In his certificate it appears that on July 21, 1927, Freedman loaned to the bankrupt $2,000, taking as security for the loan accounts receivable of the face value of $2,650. The assigned accounts were all outstanding at the time of the assignment, but no notices of the assignment were given to the debtors until after the bankruptcy proceedings had begun. The assignee agreed when the loan was made that he would not notify the debtors. Up to the time of the bankruptcy the original checks received by the bankrupt in payment of the assigned accounts were turned over to the assignee, Freedman. The bankrupt was never appointed agent for Freedman for the purpose of making the collections.

The trustee has in his hands $604, the proceeds of the assigned accounts received since the commencement of these proceedings. The ultimate question presented is whether the trustee acquired any right, title, or interest in and to the assigned accounts remaining unpaid.

If, at the time the bankruptcy proceedings were instituted, the bankrupt had parted with all its rights in the accounts, nothing passed to the trustee. The facts hardly warrant the trustee’s contention that the assignor at all times exercised dominion over the accounts. While the proceeds of the accounts were paid by the debtors to the bankrupt, it retained none of these proceeds; the original checks being indorsed over to the assignee. The only ground upon which the referee’s order can he supported is that the title to the assigned accounts did not completely vest in the as-signee until notice to the debtors.

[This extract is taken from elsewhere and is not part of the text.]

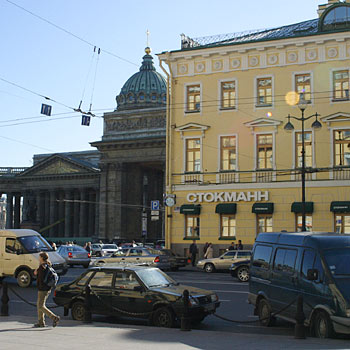 Генеральное Консульство Норвегии в Петербурге - фото с сайта saint-petersburg-apartments.com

There is to be found in a recent opinion of the Supreme Court language which seems to effectually dispose of this controversy. It is true that the court was dealing with the rights of successive assignees of a chose in action, but the principal enunciated is applicable here. In Salem Trust Co. v. Manufacturers’ Finance Co. et al., 264 U. S. 182 at 197, 44 S. Ct. 266, 270 (68 L. Ed. 628, 31 A. L. R. 867), the court has this to say:

“There is no decision of this Court which sustains the contention that, as between successive assignees pf the same chose in action, mere priority of notice gives priority of light. It seems to us that the better reasons are against such a rule. By the first assignment, the rights of the assignor pass to the assignee. The creditor has a right to dispose of his own property as he chooses and to require the debt to he paid as he directs, without the assent of the debtor. See Story, Equity Jurisprudence, 11th Ed. § 1057. Notice of the assignment to the debtor adds nothing to the right or title transferred. A subsequent assignee takes nothing by his assignment, because the assignor has nothing to give. See Judson v. Corcoran, supra [17 How. 612, 614, 15 L. Ed. 231]. If, after assignment, the assignor receives payment from *792the debtor, he is liable to the assignee. Failure of the first assignee to- give notice does not divest him of any title or right or vest any claim in a subsequent purchaser.”

In that case it was intimated that facts and circumstances might exist which would create an equitable estoppel against the assignee who failed to notify, but in the case presented under the referee’s certificate there is no room for the application of this doctrine. Compare Beacon Trust Co. v. Dolan (C. C. A.) 27 F.(2d) 247.

The trustee having no right to the proceeds of the assigned accounts, an order should be entered directing him to pay over to the petitioner according to his petition.

The referee’s order is vacated, and an order may be entered directing the trustee to pay to the petitioner $604.